Per fortuna escono ancora dischi belli. Sono forse sempre meno, o almeno così ci sembra con il passare del tempo, ora che le nostre orecchie sono sempre più appesantite dalla saturazione delle uscite. Ma state tranquilli, quei dischi ci sono, sempre. A dicembre, in tempi di classifiche, è però lecito chiedersi: un disco molto bello può essere l’album dell’anno?
Diciamocelo chiaramente: no. La bellezza di un disco, la sua riuscita, le sue caratteristiche non bastano. L’album dell’anno deve ambire a superare l’opera stessa per incidere sul presente. Deve aprire una conversazione, un dibattito. Dentro e fuori il music business.
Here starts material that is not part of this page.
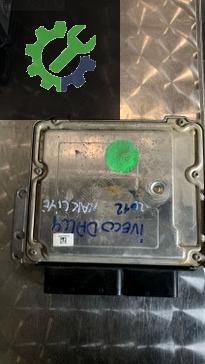 Iveco Daily Motor Beyni 0281017455 çıkma parça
Se ci sono molti dischi belli sul mercato, sono pochi quelli che ci fanno venire voglia di parlare, discutere e, perché no, anche bonariamente litigare. E nessuno, nel 2025, ci è riuscito quanto Lux di Rosalía. Dall’uscita dell’imprevedibile primo singolo Berghain – che nominando il celebre locale berlinese ci ha mandato fuori strada rispetto al tripudio orchestrale su cui ruota – Rosalía è diventata la figura dominante della cultura pop di questi mesi. Dopo lo splendido Motomami (il nostro disco dell’anno 2022), chi si sarebbe mai aspettato un tale cambio di registro?
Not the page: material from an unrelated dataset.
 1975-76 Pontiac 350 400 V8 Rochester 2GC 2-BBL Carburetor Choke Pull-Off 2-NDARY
L’ambizione è sempre stata la forza di Rosalía; l’idea di poter trasformare il vecchio in nuovo, gli oggetti del passato in meraviglie del futuro. Così era successo con il flamenco dei primi dischi (Los Angeles e El mal querer), così è accaduto nuovamente con Lux, un tuffo nella musica classica ascoltata ai tempi del conservatorio che qui funge da escamotage sonoro per congiungere la terra con l’ultraterreno. Lux, come da titolo, artwork e capigliatura (la popstar sta girando con un’aureola bionda sui capelli mori) è infatti un dialogo personale dell’artista con Dio. Se già in passato Rosalía aveva apertamente lasciato fluire la propria spiritualità, qui la rende oggetto di discussione dell’opera. Lux è un disco che trascende il terreno e che, proprio con l’aiuto della composizione classica, cerca di creare un ponte con l’infinitezza. Un’ambizione che potrebbe sembrare quasi impossibile in un disco che, di base, parla la lingua del pop.
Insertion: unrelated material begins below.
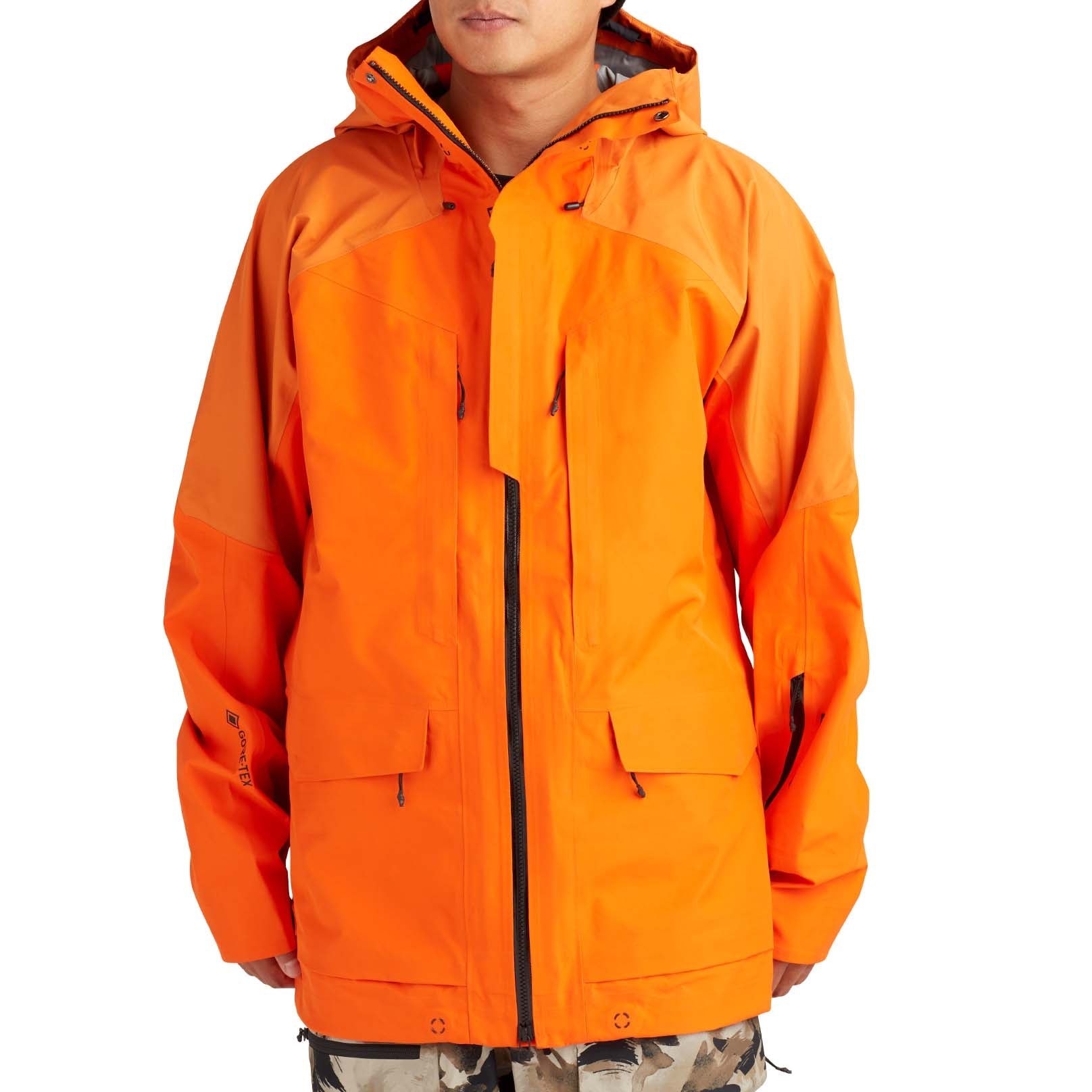 Dakine Stoker Gore-Tex 3L Jacket Black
Eppure Rosalía tenta il salto e nelle 15 tracce del suo album s’innalza, trovandosi a tu per tu con la luce. E la concorrenza, di fronte a quest’opera, scompare. Mio Cristo Piange Diamanti, una delicata dichiarazione d’amore verso una persona amica, si rifà alle arie dell’opera italiana, facendo sbiancare chiunque negli ultimi decenni abbia tentato di scrivere una canzone – in italiano – capace di rendere omaggio alla storia musicale del nostro Paese. Il brano diventa così, quasi per paradosso, la più bella canzone italiana scritta nel 2025. E a scriverla è una popstar spagnola che, per il suo ruolo, nemmeno dovrebbe conoscere le regole e le strutture di quel gioco. Eppure ci riesce, con lo studio, l’attenzione, la cura. E, ancora, non ci si stanca di dirlo: l’ambizione.
In questi mesi abbiamo sottolineato l’importanza storica di un disco come Lux. Non solo per la sua scrittura illuminata, per i grandiosi arrangiamenti orchestrali (gli archi di Reliquia, il coro di Magnolias) o l’arrembante dinamica vocale di Rosalía, ma per l’idea, il pensiero, il concetto. I grandi dischi, infatti, nascono prima di tutto da grandi idee. Perché solo le grandi idee possono dialogare con l’infinitezza.
In un momento storico in cui concedersi totalmente alle proprie ambizioni è un rischio spesso rifiutato in nome dei follower, dell’algoritmo, delle views, Rosalía mette tutto in gioco e riscrive da capo la propria storia. E quello che arriva a noi ascoltatori, se abbiamo la voglia di entrarci dentro, è un album enorme, intrigante, dove le soluzioni armoniche e sonore, così come quelle fonetiche (le ormai celebri 13 lingue utilizzate in Lux e ribattute da ogni rivista di settore), ci conducono in imperiose cattedrali nel cielo.
Lux è un monumento alla musica pop. Il disco dell’anno. E forse, non solo questo.